Las consecuencias de la Dana son desastrosas, y las calamidades se multiplican. Son efectos devastadores y las autoridades se apresuran, con razón, a pedir la declaración de zona catastrófica para obtener fondos públicos que ayuden a la recuperación.
Empieza el curso judicial y la justicia reclama, otra vez con razón, medios para abordar la modernización que mejore la celeridad, y más plazas, y más servicios, así como la mayor protección a las mujeres siempre castigadas.
También empieza el curso escolar y necesitamos ampliar la plantilla docente, hablamos de miles, e incrementar las instalaciones adecuadas que acaben con los barracones y con las zonas infradotadas. Es decir, más presupuesto.
El curso sanitario ni empieza ni acaba, siempre está ahí, con aplausos pero con carencias evidentes. Otra vez falta personal, otra vez instalaciones, otra vez medios. La misma música con diferente letra.
Por no hablar de la vivienda. Necesitamos vivienda pública y subvenciones para que disponer de una casa vuelva a ser un derecho y no un privilegio. Un derecho accesible a toda la ciudadanía.
Podría seguir pero esto no es una carta a los reyes magos, estamos hablando de hoy, ahora y aquí. Y tiene una solución: los impuestos.
Lo primero que deberíamos hacer es cambiarles el nombre. A nadie le gusta que le impongan nada, además es sinónimo de incomprensión. Imponer significa que somos una sociedad incapaz de entender el concepto de colaborar, y solo nos cabe en la cabeza hacerlo ante la amenaza de la autoridad. Lamentable.
Si abandonamos definitivamente el “sálvese quien pueda” (que significa, el que no pueda, que se hunda) y empezamos a entender por qué juntos vivimos mejor, sabremos que más que impuestos deberíamos llamarles contribuciones. Y somos contribuyentes. Suena mejor.
No es verdad que el dinero donde está mejor es en el bolsillo de cada cual, basta con preguntárselo al que no tiene ni dinero, ni bolsillo, o ha sufrido una catástrofe. Lo que sí es cierto es que aquel que puede pagarse sus satisfactores propios, no tiene el menor interés en aportar, y tilda de vagos y maleantes a los que no llegan a fin de mes.
Solo cuando los beneficios peligran todos quieren que sus negocios obtengan subvenciones con las que, con frecuencia, se han resistido a colaborar. Las ganancias extraordinarias son merecidas, siempre fruto de su esfuerzo ¿por qué pagar por ello? Pero las pérdidas, cuando llegan, requieren aportaciones colectivas. Esas aportaciones les parecen justas, morales, porque van a sus bolsillos. Otra cosa son los últimos de la fila, para esos cualquier subsidio que les llegue supone un premio a la vagancia. Doble vara de medir.
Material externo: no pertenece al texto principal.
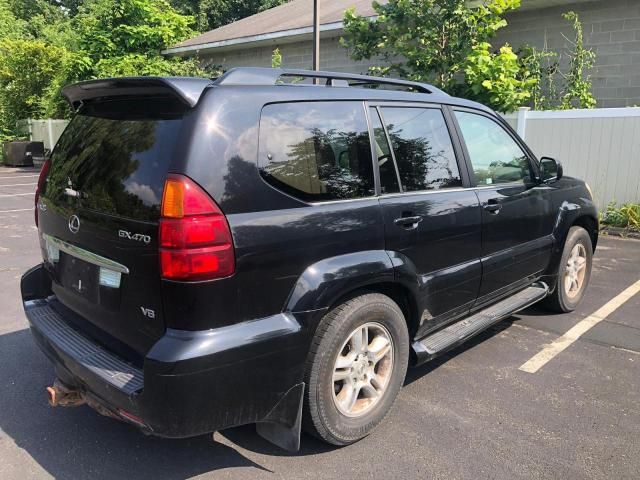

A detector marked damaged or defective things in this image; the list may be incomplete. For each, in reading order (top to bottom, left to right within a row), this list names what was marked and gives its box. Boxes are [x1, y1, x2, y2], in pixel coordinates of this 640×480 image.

rusty tow hitch [46, 380, 85, 406]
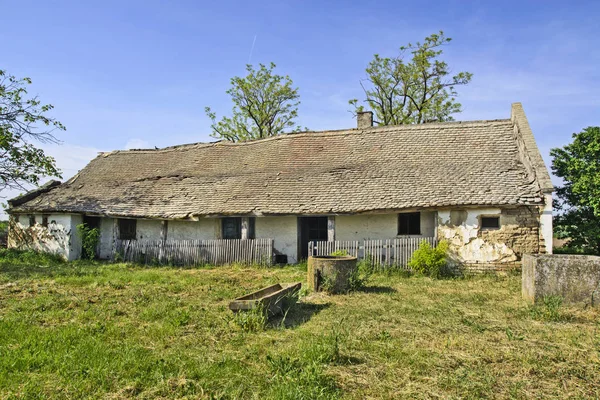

Los impuestos o contribuciones son el método que trata de homogeneizar la línea de flotación para que no haya náufragos. Y parece lógico que, ante los desequilibrios de partida, las actuaciones han de ser desequilibradas. Beneficiar al conjunto por igual no es lógico cuando todos y todas no están en la misma situación. Eso sí, resulta fundamental la obligación de evitar el fraude, controlar el destino de los dineros y determinar lo que debe aportar cada cual. Es imprescindible la gestión justa para obtener la confianza colectiva.
Aquella famosa frase de exigir al que más puede y dar al que más necesita sigue teniendo vigencia. Y sí, es una utopía, pero la política es el arte de acercarse a lo utópico.
En democracia lo público no es una carga, es una garantía. Y los impuestos, su soporte.